At the time of Copilot’s release in November 2023, a per-user monthly fee of $30 and a 300-user minimum are required to access the full suite of AI tools it offers.

3. Resource Planning and Management

It’s not enough for a project manager to simply plan and schedule what activities must be completed for a project. Just as important as identifying activities is managing the people who will work to complete them.

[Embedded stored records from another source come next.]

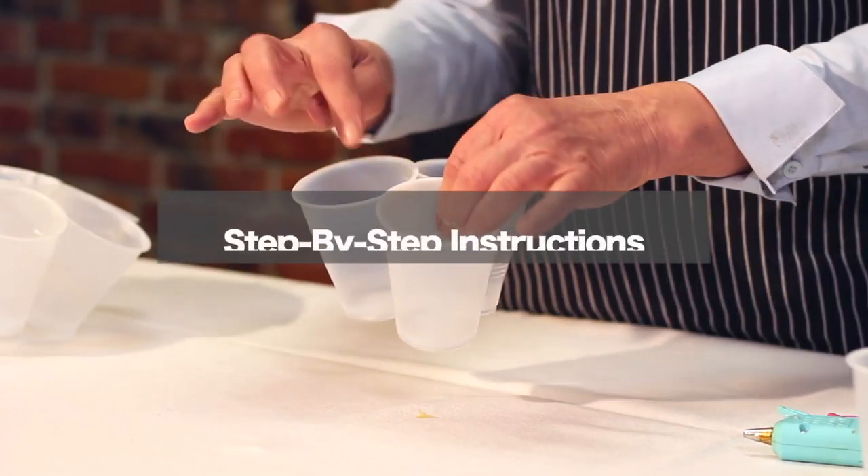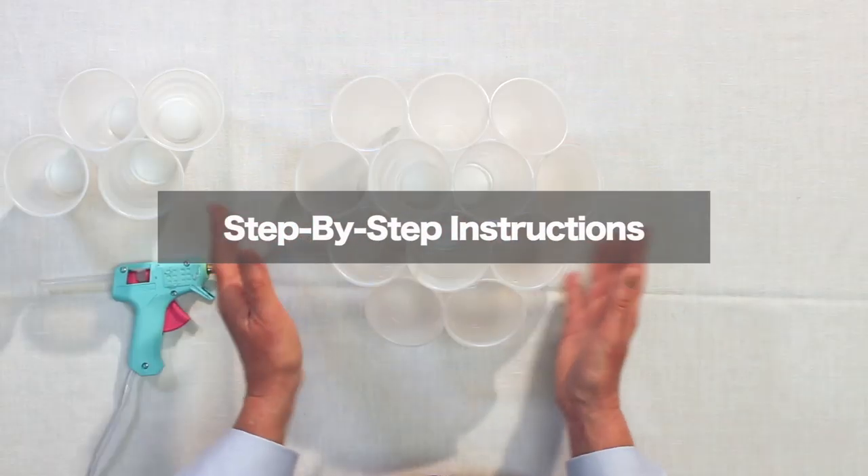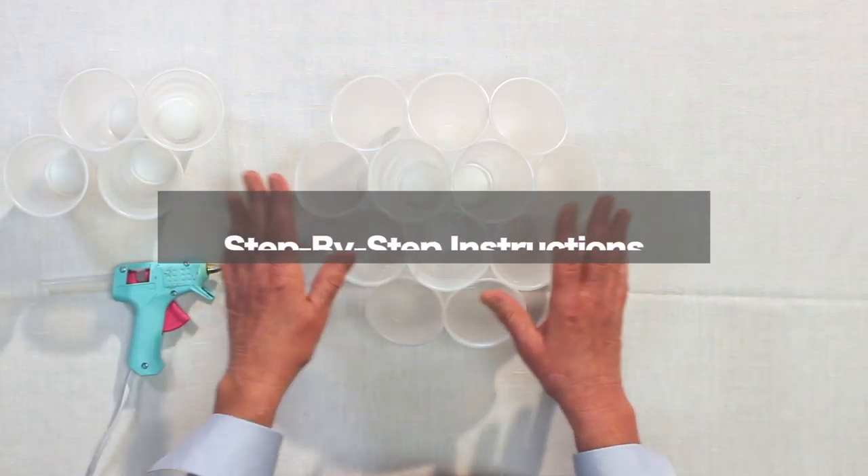Hi, I'm Tammy from CupcakeBouquets.com and today I'm going to teach you how to make a 12 cupcake bouquet. I'm assembling the cupcake bouquet holder with 7 ounce cups.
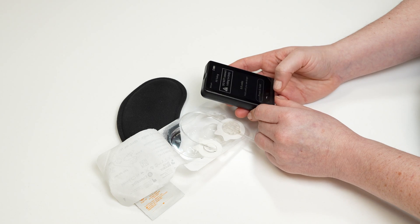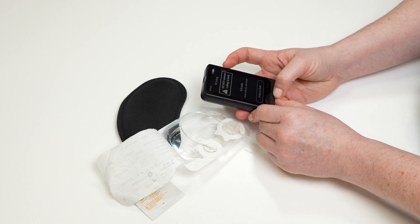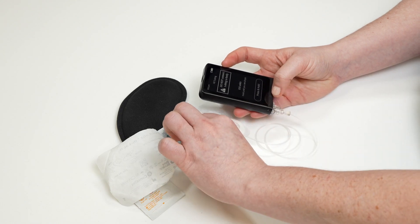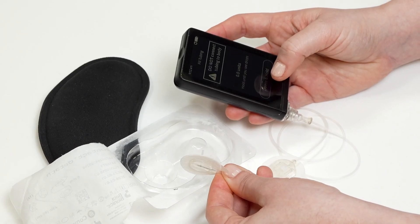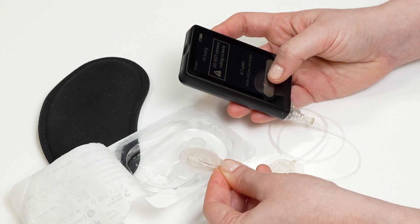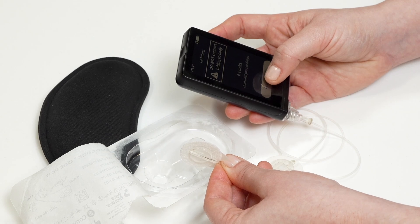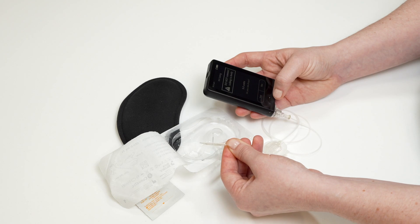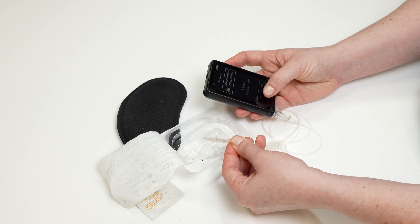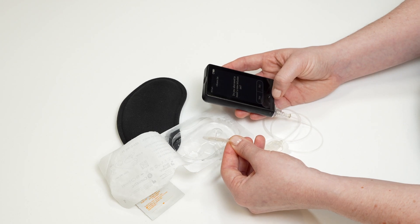Do not insert your infusion set yet. You must be disconnected from your infusion set before you fill the tubing. Tap and hold the press and hold button to begin filling your tubing with insulin. Hold the press and hold button until you see drops of insulin appear at the end of the tubing. Tap yes if you see drops at the end of the tubing. Tapping no will take you back to the press and hold screen so you can continue filling the tubing with insulin until you see drops.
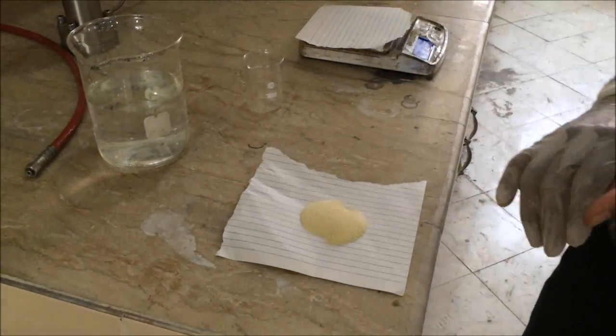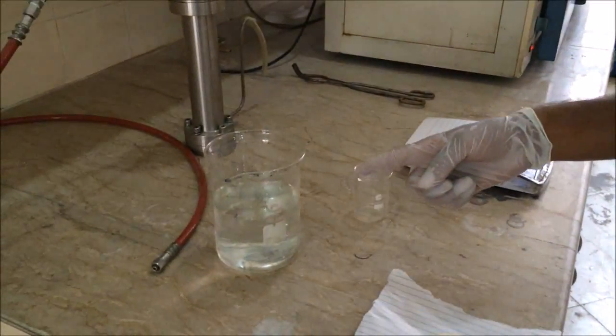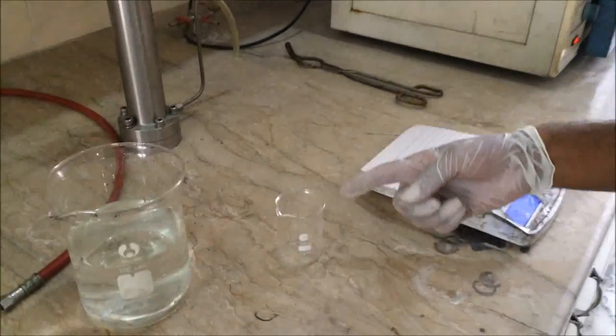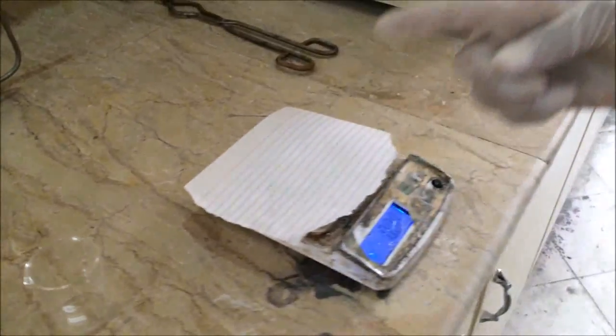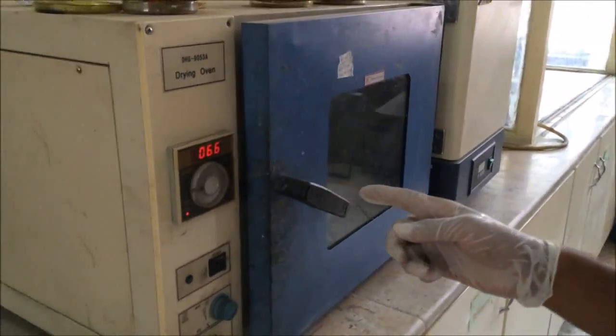For the preparation of gelatin, we are using gelatin powder, distilled water, a beaker, a weighing machine, and a drying oven.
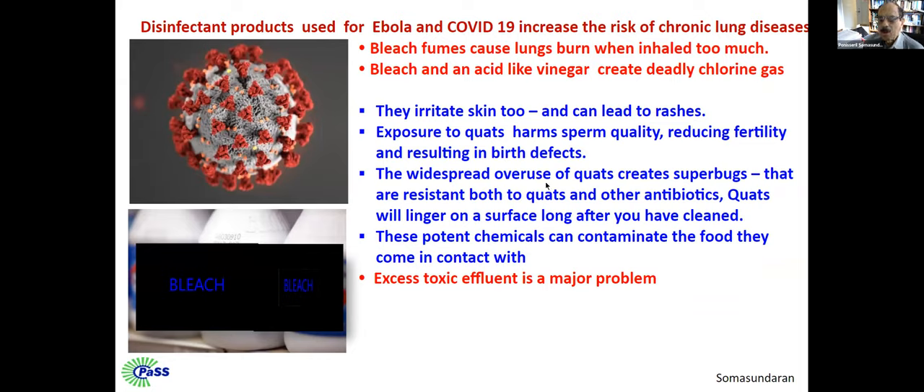The widespread use of bleach also produces superbugs. That is a concern because it makes it difficult to use antibiotics. Also, the photon chemicals can contaminate the surfaces they come in contact with. And more seriously, the toxic effluent is a major problem.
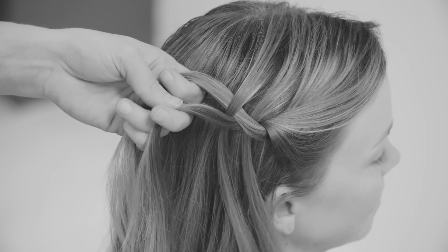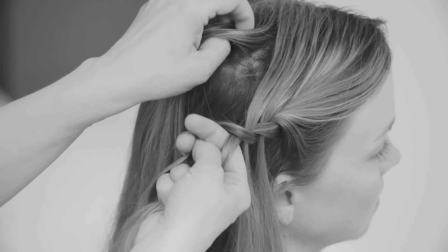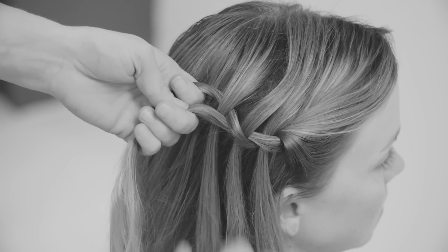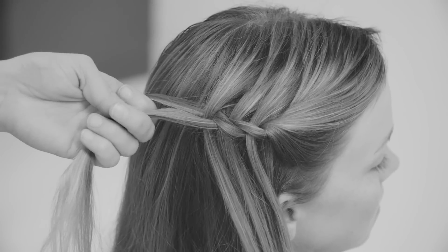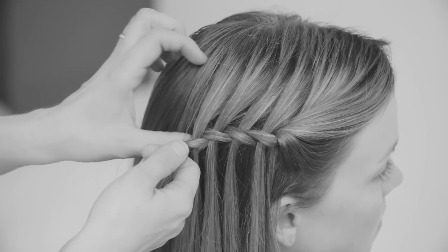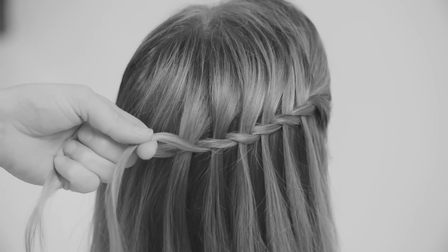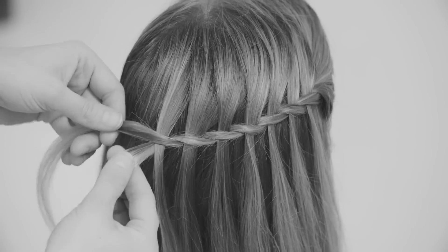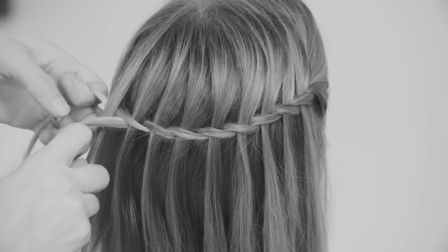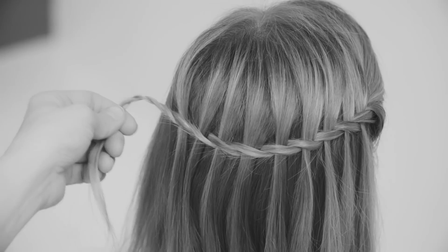Again, twist the two sections together — it's the same two sections the whole time that twist around each other, and there are strands of hair that just fall through from top to bottom of the braid. Twist and carry on like this for as long as you have hair left from the original strands, then just twist them together and put them to the side.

Resources must be identified and assigned to each task.

What appears simple at face value is, in reality, a complex exercise of balancing workloads, skillsets, and external factors like PTO and unplanned work. Effective resource management can very easily make or break the success of a project. Project managers can now leverage artificial intelligence platforms in the following ways:

  • Instantly assign and prioritize tasks based on resource availability
  • Automatically forecast resourcing requirements based on current team member workloads
  • Immediately update resource plans in response to changes in resource availability

Microsoft Project offers project managers the ability to input resources from their organization’s address book and active directories, perform time-tracking, and generate reports to identify overallocated resources.

Microsoft Copilot will only further enhance these capabilities by offering the ability to instantly query across connected Microsoft apps to suggest resources based on task type, duration, and availability.  

Resource planning is a critical but extremely time-consuming component of project management. Machine learning tools offer the ability to manage resources more effectively while also being faster than their human counterparts. This translates to time and energy that a project manager can instead focus on managing the strategic needs of a project.

The Bottom Line

Project managers should not view artificial intelligence as an existential threat to their profession. Instead, AI should be seen as an emerging tool for project managers to leverage in support of their clients.

As with any emerging technology, there are limitations to the current capabilities of artificial intelligence that must be addressed before widespread adoption in the workplace occurs. As an example, emails written by a chatbot still require human proofreading due to limitations in existing language models. Furthermore, the quality of information produced by machine-learning tools is also heavily reliant on the specificity of human prompts.

A recent study led by several top research institutions in collaboration with Boston Consulting Group found that when artificial intelligence is applied within the boundaries of its current capabilities, it can improve worker productivity by as much as 40%. In contrast, the study found that over-reliance on AI tools, especially outside those boundaries, can create a performance drop of 19%.

Despite these shortcomings, the use case for artificial intelligence has been clearly validated, and the benefits to businesses are clear. It’s no longer a question of if, but when these tools become standard in businesses across the globe.  

Much like knowing when to utilize various project management methodologies or existing technology, artificial intelligence is no different. Project managers should feel a professional responsibility to become experts on how and when to best employ AI to drive increased project efficiency.